At this time in history the issue of women in the workplace was very relevant to society as this was the generation of the “super mom”, who wanted to do every aspect of life to perfection. The study of stress levels in this population was quite significant at the time. One study conducted in 1983 was proposed on over the debate about whether a woman’s marital and child rearing stress was relieved by working outside of the home. One side of the argument stated that by working outside the home, women would have a break from marital and care giving responsibilities, thus relieving stress.

The opposing side stated that the stress would in turn be increased due to the fact that the responsibilities would still be present when she returned home, thus multiplying the stress. The study indicated that although some of the stress of homemaking and marital responsibilities were somewhat decreased no significant difference appeared in the child rearing responsibilities ( Krause, 1983) He left Texas to move to Michigan in the mid 1980’s. He began his teaching career at the University of Michigan in 1986, where he received his tenure in 1989 and became a full professor in 1992 (N.

Krause, personal communication, September, 10, 2007). He has remained there since that time. He currently is an instructor and researcher in the School of Gerontology at the University of Michigan. After moving to Michigan he changed the focus of his research to the elderly and the rapid aging of the “baby boom generation”. He has studied the aging population in different cultures and genders to find the differences in the aging processes in the various populations. Since the end of life brings about major changes in independence and security, stress becomes a significant issue.

This can be a frightening time and one of the most stressful during the life span. Continuing on his theory that some people cope with stress more effectively than others, he has focused on how various elderly people deal with stress in different ways and what factors make the differences for those who age with less stress. One of his studies involved over eight hundred elderly people (over age sixty-five) from mixed cultural backgrounds and both genders. They were asked what roles in life were most important to them.

The study determined that most elderly people mentioned a parenting, grand parenting, other relative, or community role. Those with control over this kind of role in their lives had a tendency to live longer and have more value in their lives (Krause and Shaw, 2000). This study also determined that the reason for this longevity and quality may be partly due to the habits of the people. Those with well defined roles were less likely to participate in unhealthy habits such as smoking and consuming excessive alcohol than did the people without these roles, thus leading to longer and often healthier lives (Krause and Shaw, 2000).

In addition to this study, he conducted one along the same lines with the elderly population and their perceived role of security (that if they need help or support from someone it is available). This study concluded that as age increases this feeling of having needed support tends to decline and thus the security with it (Krause, 2007). These studies led to studies on the social relationships of the elderly. Most of the studies determined that the people with healthy social relationships had less negative effects from stress and appeared to live more fulfilling lives.

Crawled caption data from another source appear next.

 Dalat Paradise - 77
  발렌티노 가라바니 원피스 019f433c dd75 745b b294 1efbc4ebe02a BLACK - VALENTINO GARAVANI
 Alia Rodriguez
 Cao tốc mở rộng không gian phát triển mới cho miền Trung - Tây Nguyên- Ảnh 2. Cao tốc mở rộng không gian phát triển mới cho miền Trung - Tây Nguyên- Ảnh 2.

The studies went from the basic study of roles in life to determine differences in other populations. He began to focus more on the differences between aging people from different cultural backgrounds. During his studies of people from different cultures he noticed that some cultures were more effective in coping with the factors of stress during aging in spite of having healthy values and roles in life. One of these cultural differences was between elderly Caucasians and elderly African Americans. He determined that the African Americans on average had fewer negative effects of stress than did the same age population among Caucasians.

He added the aspect of spiritual beliefs and religion to the list of possible coping mechanisms. One of these studies found that African Americans tend to read the Bible more and pray more. The study also indicated that because of the traits of culture, African Americans tend to develop a closer more personal relationship with God (pray as if God is literally in the room with them and talk more personally) and therefore may be able to find this relationship helpful in coping with the stresses of daily life (Krause and Chatters, 2005).

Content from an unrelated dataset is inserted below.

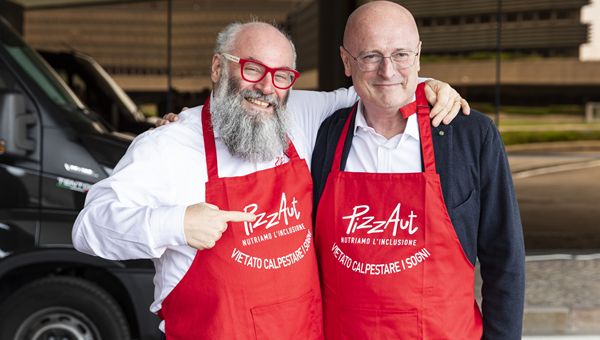 Inclusione e opportunità di lavoro per giovani autistici: Generali Italia sostiene progetto PizzAutobus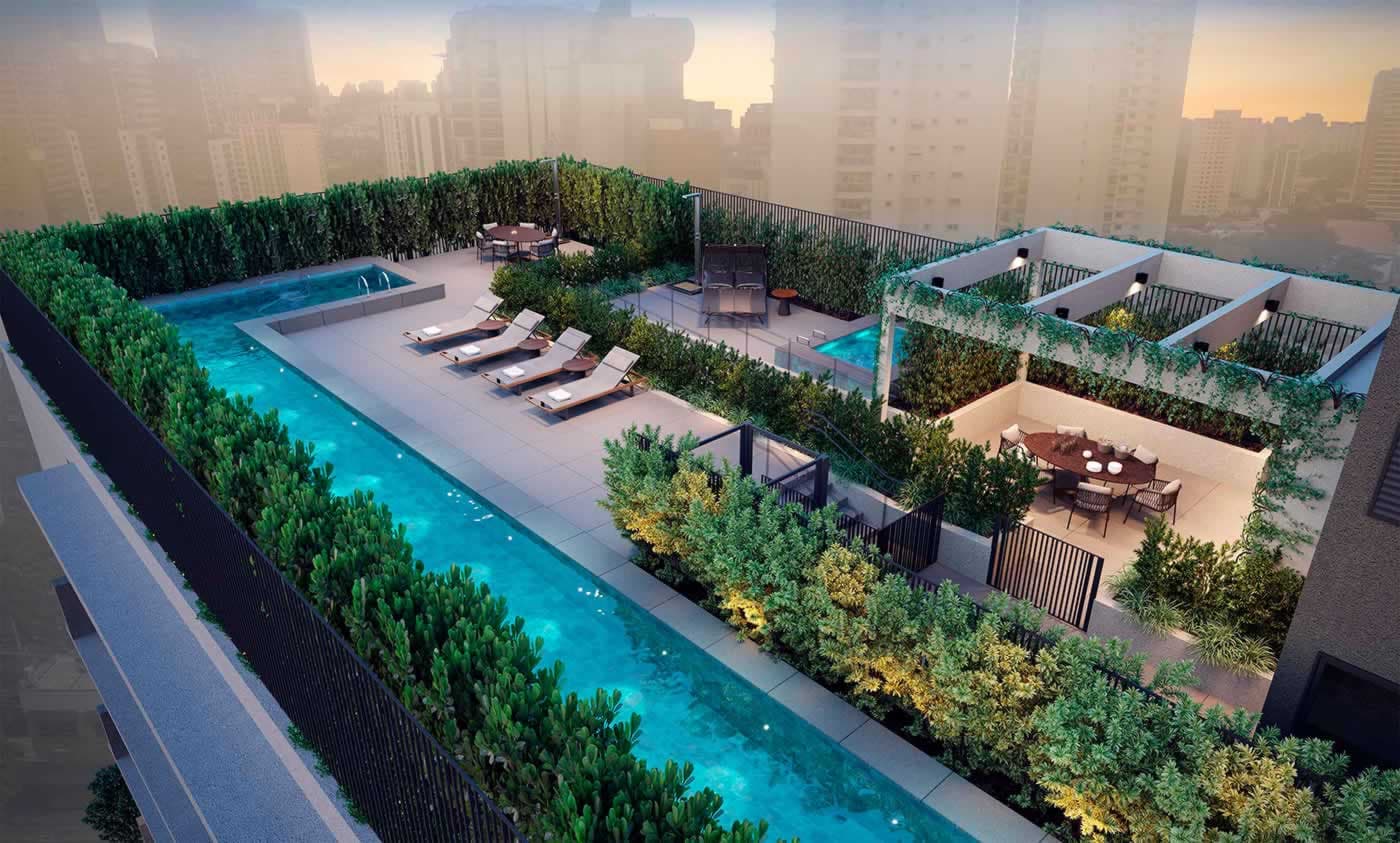 Foto de Studios Berrini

He went on to study the same effects in Mexican Americans. The culture is different and the ways in which they practice religion is often different. He also conducted studies on people from Japanese backgrounds. In addition to the cultural differences in the ways elderly people cope with stress, Dr. Krause went on to explore the reasons that people within the same culture often dealt differently with the aging process. He continued to study the religious aspect after noting that it had played a significant role in cultural studies.

He studied the differences in gender in relation to religion and coping. He noted that in general women attended church more regularly and sometimes had a deeper spiritual devotion than men. He continued the studies with some studies on religion with respect to developing a positive relationship with the clergy and social relationships within the church. In all of the studies the overall indication was that the more healthy relationships, the more positive experiences and the deeper religious devotion, the better equipped the better the person tended to be at positive coping.

Dr. Krause studied the effects that negative experiences such as traumatic events can have on coping as well as negative experiences in social and religious situations. The results of these studies provided support for the studies of the positive effects of religion and relationships on a person’s longevity and quality of life in later years. People with negative experiences in religion were less likely to attend church regularly or develop positive relationships within the church and less likely to cope effectively with stress.

People who claimed to be deeply religious, but claimed to have doubts about their religion had a tendency to develop stress during the aging years. Those who had suffered multiple traumatic events during their lives or within recent years had less effective coping mechanisms especially if they did not have strong family support. He has added a sense of self-esteem to the studies and has found that people with very high self –esteem and very low self-esteem both have negative effects on coping, but a comfortably positive self-esteem is a healthy balance.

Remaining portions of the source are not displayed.